Task brief
Starting from the line in which "We make a tiny" appears, set down each line exactly through the end of the listing, and nothing else. Leave out pictures.

Stored data
--*--

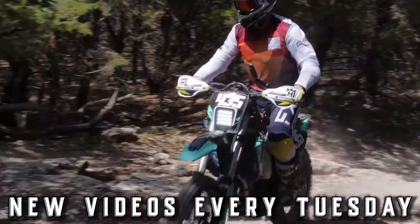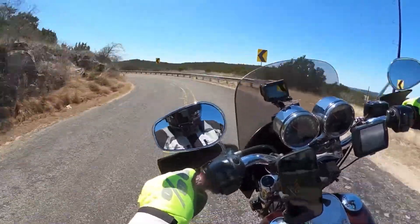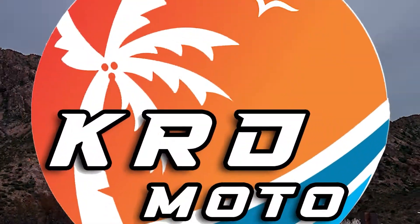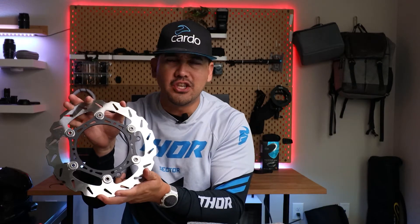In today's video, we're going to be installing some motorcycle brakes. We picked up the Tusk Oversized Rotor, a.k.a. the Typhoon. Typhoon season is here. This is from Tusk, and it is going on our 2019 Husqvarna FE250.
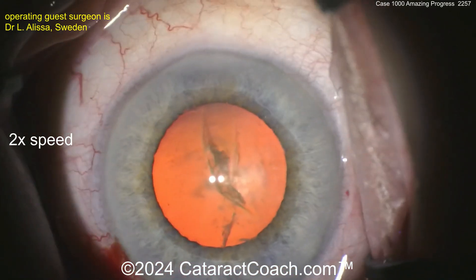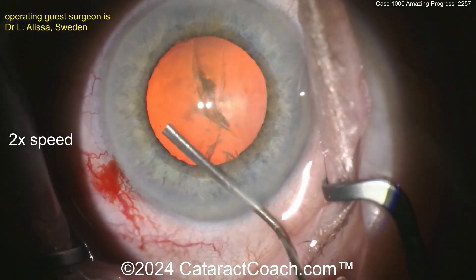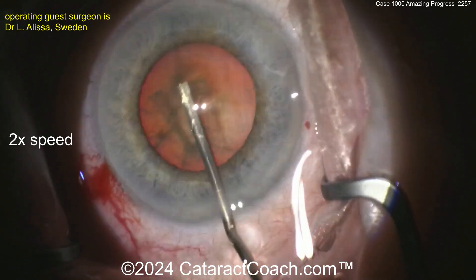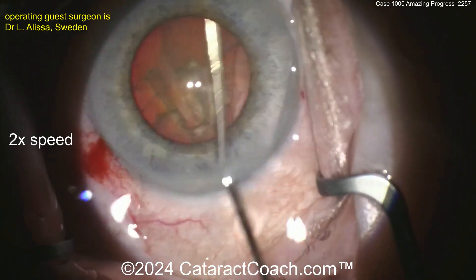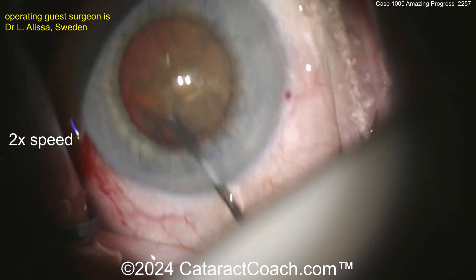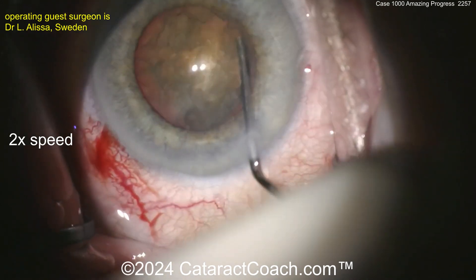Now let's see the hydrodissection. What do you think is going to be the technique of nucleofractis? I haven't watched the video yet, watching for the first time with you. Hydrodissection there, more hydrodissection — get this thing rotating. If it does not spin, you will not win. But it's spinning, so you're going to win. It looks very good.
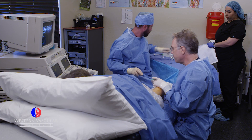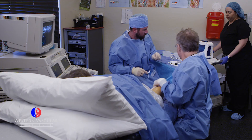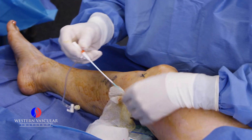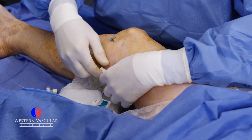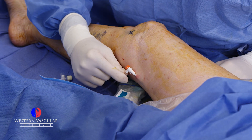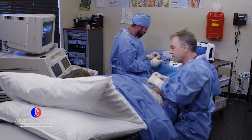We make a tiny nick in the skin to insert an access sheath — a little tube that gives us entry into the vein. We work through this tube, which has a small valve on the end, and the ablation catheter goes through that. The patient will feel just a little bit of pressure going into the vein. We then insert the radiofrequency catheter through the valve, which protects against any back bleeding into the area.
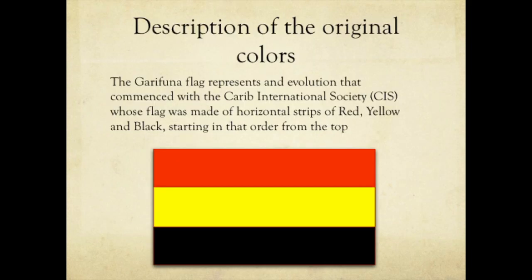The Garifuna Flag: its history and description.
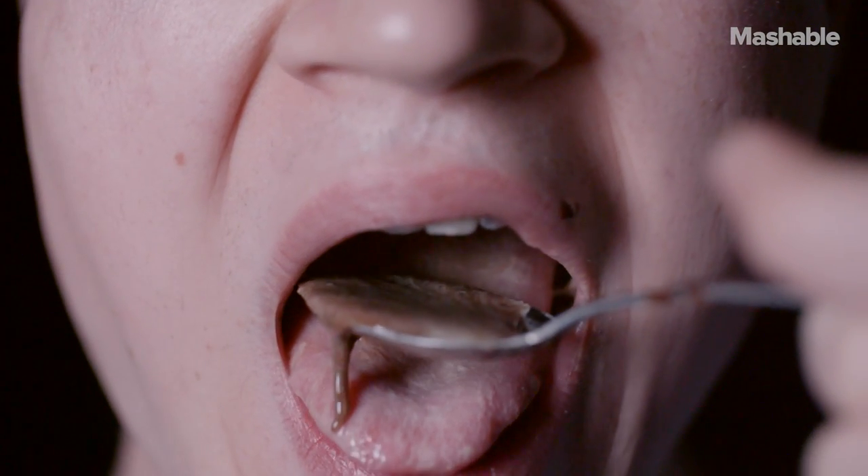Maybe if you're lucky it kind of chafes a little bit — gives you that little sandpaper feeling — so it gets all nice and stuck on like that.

--*--

Response to the task
We make a tiny nick in the skin to insert an access sheath — a little tube that gives us entry into the vein. We work through this tube, which has a small valve on the end, and the ablation catheter goes through that. The patient will feel just a little bit of pressure going into the vein. We then insert the radiofrequency catheter through the valve, which protects against any back bleeding into the area.
The Garifuna Flag: its history and description.
Maybe if you're lucky it kind of chafes a little bit — gives you that little sandpaper feeling — so it gets all nice and stuck on like that.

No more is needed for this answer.